A curious but productive tension bubbled inside microhouse, a conflicted relationship to the Black American traditions it drew on. On the face of it, this was house music distanced from its black and gay roots, a European abstraction and distillation that felt ethereal and disembodied even as it worked your body in the club. Yet there was also a pronounced vein of homage to the traditions of blues, gospel and soul that nourished disco and house, from the Playhouse label-affiliated club called Robert Johnson, to artist names like Losoul, to Thomas Brinkmann’s Soul Center records (woven from snippets of raspy R & B vocal and snatches of call-and-response) and Geez ’n’ Gosh’s gospel-sampling albums
My Life With Jesus
and
Nobody Knows
. At the same time there was an equally strong impulse towards Germanic identity. Wolfgang Voigt talked presciently in the late nineties of his fervent desire to create ‘something like a “genuinely German pop music” and throw off the influence of Anglo-American pop (largely based on black American music). This interest in nationality (as opposed to nationalism) led him to investigate Wagner, schlager, Alban Berg, volksmusik, brass bands playing polkas, marches and so forth, all in the quest to locate some kind of German audio-cultural DNA. Hence the Gas records: attempts ‘to ‘bring the German forest to the disco’ that were informed by childhood memories of Voigt family expeditions to the Konigsforst near Cologne and to the Alps.

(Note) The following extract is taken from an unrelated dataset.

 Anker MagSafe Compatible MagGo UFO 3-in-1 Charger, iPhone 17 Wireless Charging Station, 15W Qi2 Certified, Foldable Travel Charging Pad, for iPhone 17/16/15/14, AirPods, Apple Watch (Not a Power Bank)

This push-and-pull between Afro-America and Mittel Europa reflected German youth’s mixed feelings about its own culture and history. In a weird way, the German techno community’s obsession with Detroit (Tresor’s talk of a Berlin-Detroit alliance, the 313 phone code T-shirts on sale in Hardwax) was a form of displaced patriotism. Worshipping Detroit became a way back to embracing their own Germanness, which could be comfortably affirmed because Kraftwerk and Moroder were mediated through black people (Detroit’s own Germanophilia). As microhouse evolved, though, the Euro aspect came into the ascendant. Listening to the genre’s leading figures in 2002 – 3, DJs like Michael Mayer and Superpitcher, you started to hear more elements of a strictly nineties and Nordic provenance: sounds that flashed back to Jam & Spoon circa ‘Stella’ and ‘Age of Love’, tunes that bordered on fluffy trance, even tracks that were like a midtempo and tasteful version of gabba. In 2003, Mayer talked of the Kompakt sound as ‘a German sound . . . which is not rooted in black music, but maybe German folk music and polka.’
But instead of tapping into the kind of cultural legacy Wolfgang Voigt had sought to reclaim, microhouse was much more a reflection of contemporary Germany, the modern, forward-looking centre of a unified Europe. The pounding, punishing techno that ruled E-Werk and Tresor in the early nineties had fit the old clichés of Prussian discipline and severity; microhouse, in contrast, was far more sensual, representing a hedonism tempered by taste. Again, the contrast between ‘minimal’ and ‘micro’ was telling. ‘Micro’ has none of ‘minimal’s intimations of renunciation and ascetic spirituality. Micro is suggestive more of exquisitely finessed design features that only the connoisseur appreciates, or even
notices
. Microhouse is music for the generation that grew up with mobile phones and iPods and the gamut of chic portable pleasure-tech (the label name Kompakt is perfectly attuned to this sensibility). You could see this minimal-to-micro shift in men’s hairstyles: the slaphead look of the early nineties techno soldier was replaced by short-but-not-severe hairstyles suggestive of a kind of restrained dandyism, often with a Neu Romantique ironic-retro eighties quality.